SURABAYA - Wakil Presiden (Wapres) RI Ma'ruf Amin membuka Muktamar Internasional Fikih Peradaban yang digelar oleh Pengurus Besar Nahdlatul Ulama (PBNU) di Kota Surabaya, Jawa Timur, Senin (6/2).
"Ilmu fikih harus mampu merespons dinamika masyarakat dan perkembangan zaman," kata Wapres Ma'ruf Amin saat membuka muktamar.
Muktamar tersebut mengangkat tajuk "Membangun Landasan Fiqih untuk Perdamaian dan Harmoni Global".
Menurut Wapres, keniscayaan akan fatwa baru penting lantaran sumber hukum utama yaitu Al Quran dan Hadits sangat terbatas, sementara permasalahan baru dan terbarukan datang silih berganti.
"Orang yang berpikir bahwa hukum tidak bisa berubah maka bisa dipastikan orang itu tidak memahami Islam itu sendiri," ujarnya.
NU, lanjut dia, sebetulnya sudah lama mengadopsi fleksibilitas dan pemikiran Islam, salah satunya dilakukan pada Musyawarah Nasional (Munas) Alim Ulama NU di Lampung tahun 1992.

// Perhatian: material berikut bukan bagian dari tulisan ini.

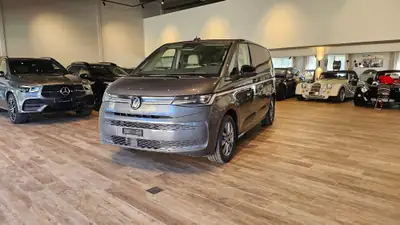 VW T7 Multivan 1.5 eHybrid Style 4Motion — Minibus hybride rechargeable, 7 places, quasi neuf — exterior view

"NU telah memiliki metodologi induksi untuk menghadapi isu-isu kontemporer dalam wacana maupun metodologi. Dengan begitu, NU dalam menyaksikan realitas tidak semena-mena mengutip melainkan melalui ijtima ulama melalui ushul fiqih," kata dia.

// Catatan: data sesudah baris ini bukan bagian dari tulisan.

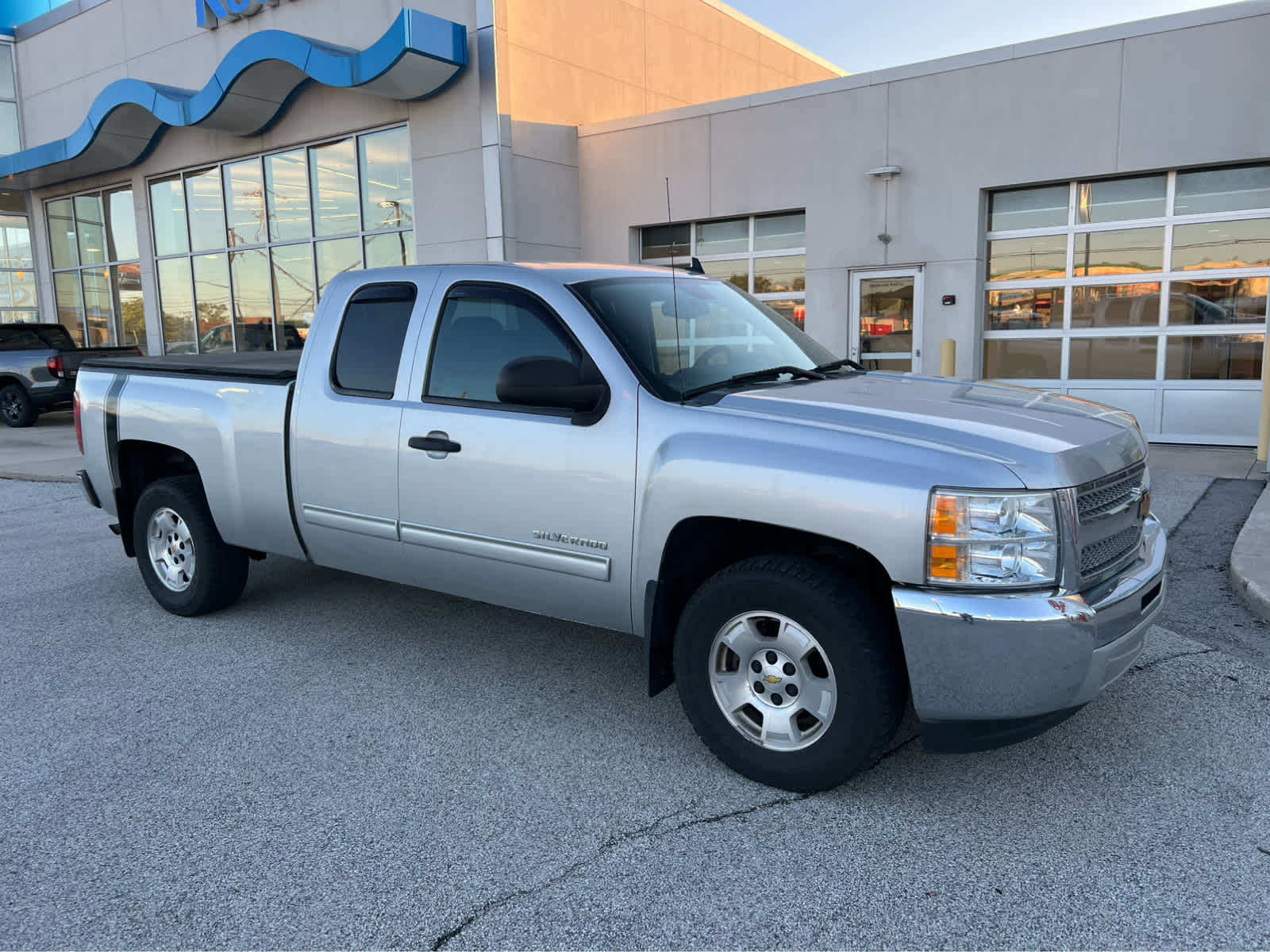 2013 Chevrolet Silverado 1500 LT Extended Cab MWB's photo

Wapres menandaskan, pertemuan di Lampung tahun 1992 juga mendefinisikan karakteristik NU yang moderat dan berbasis metodologi.
"Oleh karena itu NU bisa mengemukakan metodologi global dan terkini," ujar dia.
Muktamar Internasional Fiqih Peradaban digelar dalam rangkaian puncak peringatan satu abad NU yang digelar di Sidoarjo pada Selasa (7/2) besok.
Forum ini menghadirkan 15 pakar dari dalam negeri maupun mancanegara sebagai pembicara kunci.
Kelima belas pemaparan para mufti dan ahli hukum Islam tersebut mengulas berbagai persoalan kontemporer dari sudut pandang Islam, mulai dari format negara-bangsa, relasi dengan non-muslim, tata politik global, serta membahas posisi Piagam PBB di mata syariat Islam.